At least one other candidate has emerged: The Rev. Sheila Jones, who's a member of the city's Human Relations Commission and director of the J.T. Locke Resource Center, a community center in the historically black Method Community in West Raleigh. Weeks is a retired school teacher who's been active in the Democratic party for years as well as a leader in Southeast Raleigh neighborhood groups. He's currently chair of the city's Parks, Recreation and Greenway Advisory Board.

Some other female names are being floated as well.

And here's an interesting development: Danny Coleman, head of the Raleigh Wake Citizens Association (RWCA), has scheduled a forum for prospective candidates for the District C seat on Saturday morning at 10 a.m. in the New Science Building auditorium at Shaw University.

Also scheduled for Saturday morning, at 9 a.m.: The big NAACP event at Christian Faith Baptist Church at which state NAACP President the Rev. William Barber and national NAACP President Ben Jealous are expected to reveal their plans for a lawsuit against the Wake County school board and its five-member Republican majority.

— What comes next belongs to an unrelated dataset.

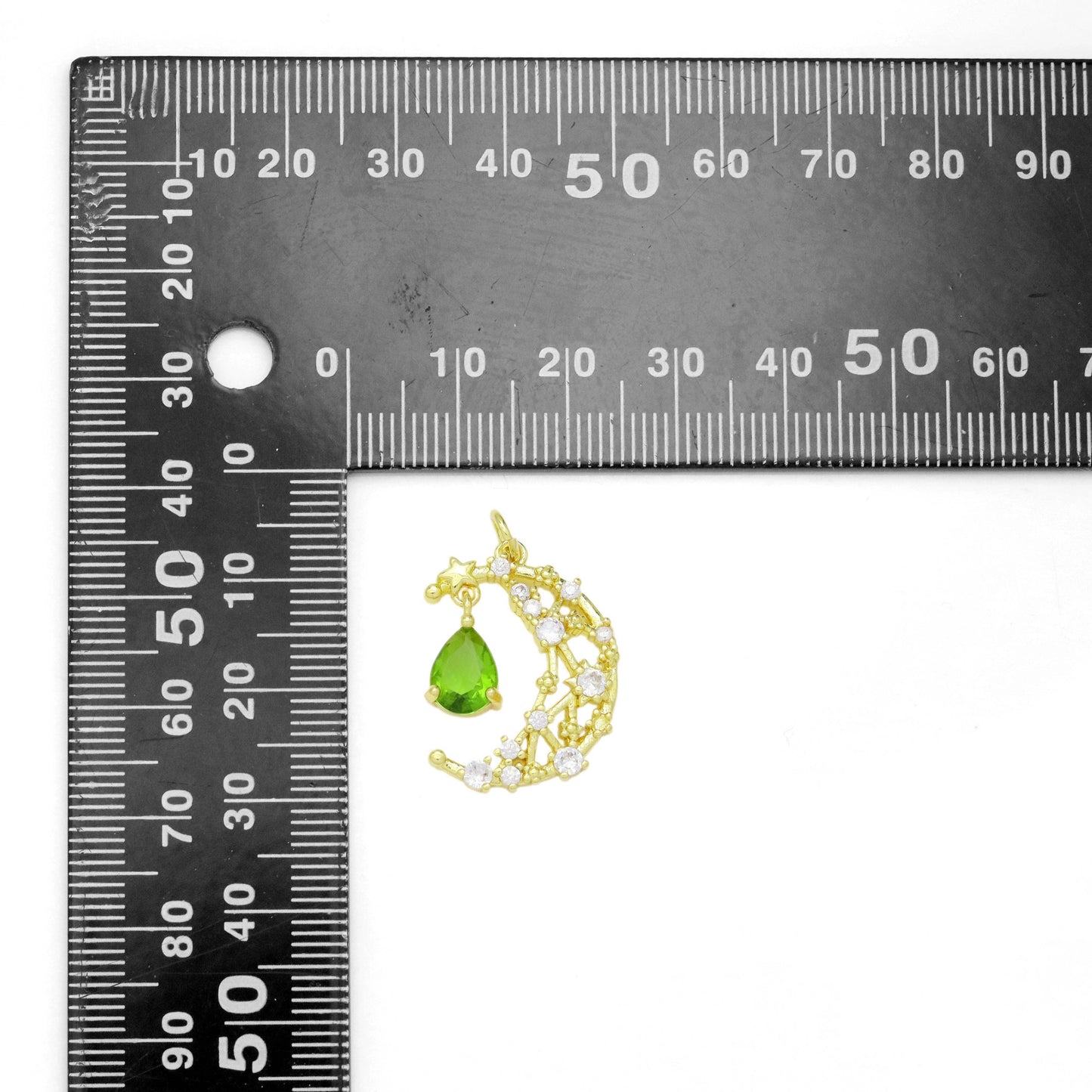 Fancy Cresent Moon With Clear Green Teardrop Pendant Charm, Sku#LK942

Coleman, who seems to be aligned with the Republican school board, is obviously not interested in helping boost the turnout for the NAACP meeting. Nor interested in a big turnout for his own forum, apparently.

***


The issue arises from Wake Commissioner Harold Webb's resignation and his replacement by James West, who held the District C seat on Council for 10 years. (Webb, elected once in his own right, was originally a mid-term replacement for the late Vernon Malone, who'd been elected to the state Senate).

So now, who should replace West? And should it be another man — in a seat formerly held by Brad Thompson, Charles Francis, and Ralph Campbell?

A few African-American women have been elected to office in Wake County, including current Wake Commissioner Lindy Brown and former state Rep. Linda Coleman, a past commissioner as well. But Brown lives in Garner and Coleman in Knightdale. Unless I'm mistaken, I don't believe any woman has ever come out Southeast Raleigh or the RWCA to hold elected office. [I was mistaken: Southeast Raleigh has elected women to the Wake school board, and one, state Rep. Rosa Gil, was subsequently appointed to fill a vacancy in the General Assembly. She's up for election this year.]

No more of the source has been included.